Eventually, you’ll have to learn how to comp your own properties if you want to be a pro real estate investor. Below we’ll dive into some basics of comping

Running comps on your own

  1. Taking a peak at Zillow/MLS
    First, you’ll want to look at the data. We’ll use Zillow as an example. You’ll want to input some filters to only view comparables.
    For this example, let’s say that your property is a 4/2 built in 1970, and it’s 2,000 square feet.
  2. Enter some filters — here’s some examples:
    1. 4 bed, 2 bath
    2. Built between 1969-1985 (I choose this range because a 197o’s home is most likely a “track” home, so I want to limit the comps to “track” homes rather than spec or older models (but you may have to if there are no comps). And I don’t want to go newer than 1985  (but you may have to if there aren’t many homes) because these may start to get a little more valuable*)
    3. square feet = 1,950-2,050 (about a + or – 10% difference)
    4. In a 5-mile radius
    5. Only SOLD data in the last 3 months (push it out to 6 months if there are only 1 or no properties in 3 months sold with this criteria).
  3. Compare the results
    1. Does the comp have the same curb appeal? Or neighborhood appeal?
    2. Is the house distressed?
    3. Does it attract the same type of buyers (IE blue-collar working neighborhood vs white-collar)?
    4. Is the neighborhood mostly renters or owner occupants (tenant-filled neighborhoods are usually less valuable)?
    5. Is the lot size similar (Large lots are more valuable)
    6. Is the comp in perfect condition? Or needs rehab work?
    7. What’s the ARV (after-repair value) of these homes? Of yours?
  4. Decided on your resale value
    After you’ve “gauged” the market, decided on where your property sits compared to the others that sold and make a decision on price range.
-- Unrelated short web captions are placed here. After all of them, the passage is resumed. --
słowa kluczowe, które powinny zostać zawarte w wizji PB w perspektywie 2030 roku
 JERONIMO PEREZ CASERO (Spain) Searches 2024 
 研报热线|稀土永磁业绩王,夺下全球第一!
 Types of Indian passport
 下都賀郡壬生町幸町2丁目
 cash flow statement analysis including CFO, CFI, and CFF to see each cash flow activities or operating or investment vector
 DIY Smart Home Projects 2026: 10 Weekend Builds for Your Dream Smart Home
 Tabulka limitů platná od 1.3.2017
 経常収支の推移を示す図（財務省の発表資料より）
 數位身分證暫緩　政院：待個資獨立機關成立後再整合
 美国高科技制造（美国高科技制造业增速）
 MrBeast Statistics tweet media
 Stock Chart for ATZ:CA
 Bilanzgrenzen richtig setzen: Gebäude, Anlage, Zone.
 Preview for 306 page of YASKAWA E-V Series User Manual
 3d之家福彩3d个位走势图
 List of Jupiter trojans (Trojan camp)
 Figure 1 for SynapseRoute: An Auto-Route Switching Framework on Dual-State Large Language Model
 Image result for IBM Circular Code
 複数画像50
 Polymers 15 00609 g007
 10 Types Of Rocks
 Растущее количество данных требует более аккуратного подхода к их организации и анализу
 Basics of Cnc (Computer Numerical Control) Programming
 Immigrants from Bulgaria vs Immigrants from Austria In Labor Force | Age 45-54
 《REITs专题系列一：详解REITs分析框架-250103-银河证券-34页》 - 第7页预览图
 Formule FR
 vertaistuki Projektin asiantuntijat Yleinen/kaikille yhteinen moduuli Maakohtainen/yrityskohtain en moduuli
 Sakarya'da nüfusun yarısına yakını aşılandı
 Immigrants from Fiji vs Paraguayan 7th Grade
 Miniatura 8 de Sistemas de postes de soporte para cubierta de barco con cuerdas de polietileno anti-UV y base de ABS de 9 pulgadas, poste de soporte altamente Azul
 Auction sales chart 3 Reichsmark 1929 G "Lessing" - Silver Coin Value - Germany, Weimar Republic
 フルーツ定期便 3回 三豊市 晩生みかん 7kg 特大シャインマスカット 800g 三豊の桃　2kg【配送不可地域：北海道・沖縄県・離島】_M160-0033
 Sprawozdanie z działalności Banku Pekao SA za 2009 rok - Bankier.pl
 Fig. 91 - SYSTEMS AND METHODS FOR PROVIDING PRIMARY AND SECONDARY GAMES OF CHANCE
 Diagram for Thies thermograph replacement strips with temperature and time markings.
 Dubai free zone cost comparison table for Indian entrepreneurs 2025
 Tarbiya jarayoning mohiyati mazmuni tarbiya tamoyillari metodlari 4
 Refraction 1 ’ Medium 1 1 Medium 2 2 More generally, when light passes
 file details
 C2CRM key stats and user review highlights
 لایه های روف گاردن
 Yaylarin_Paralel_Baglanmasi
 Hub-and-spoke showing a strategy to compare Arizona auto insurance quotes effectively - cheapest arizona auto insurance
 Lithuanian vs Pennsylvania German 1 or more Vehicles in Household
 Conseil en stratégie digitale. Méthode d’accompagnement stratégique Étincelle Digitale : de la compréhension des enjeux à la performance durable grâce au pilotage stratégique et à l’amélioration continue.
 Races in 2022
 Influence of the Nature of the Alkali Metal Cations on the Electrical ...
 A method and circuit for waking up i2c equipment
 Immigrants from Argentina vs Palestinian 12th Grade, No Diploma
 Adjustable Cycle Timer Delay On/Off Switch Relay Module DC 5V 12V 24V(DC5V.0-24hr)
* On year built: each market is different. And some buyers might like older homes and pay more for them. While others prefer track homes or the market doesn’t show much difference in price with the age of the home. You have to understand your market for this.



Bottom line: you have to KNOW how to comp. Especially in today’s buyer market (this was written in late 2022), where it’s CRUCIAL to have a good and accurate price for end buyers or you’ll be stuck with a property.

There’s no “hand-holding” guide to comping; it’s a bit of an art form because you have to “feel” and see the comps for yourself and ask: “Is this a good comp?”, “Does the price accurately reflect what this house will sell for?”.

So, it takes time to learn.

But there’s no better time than now.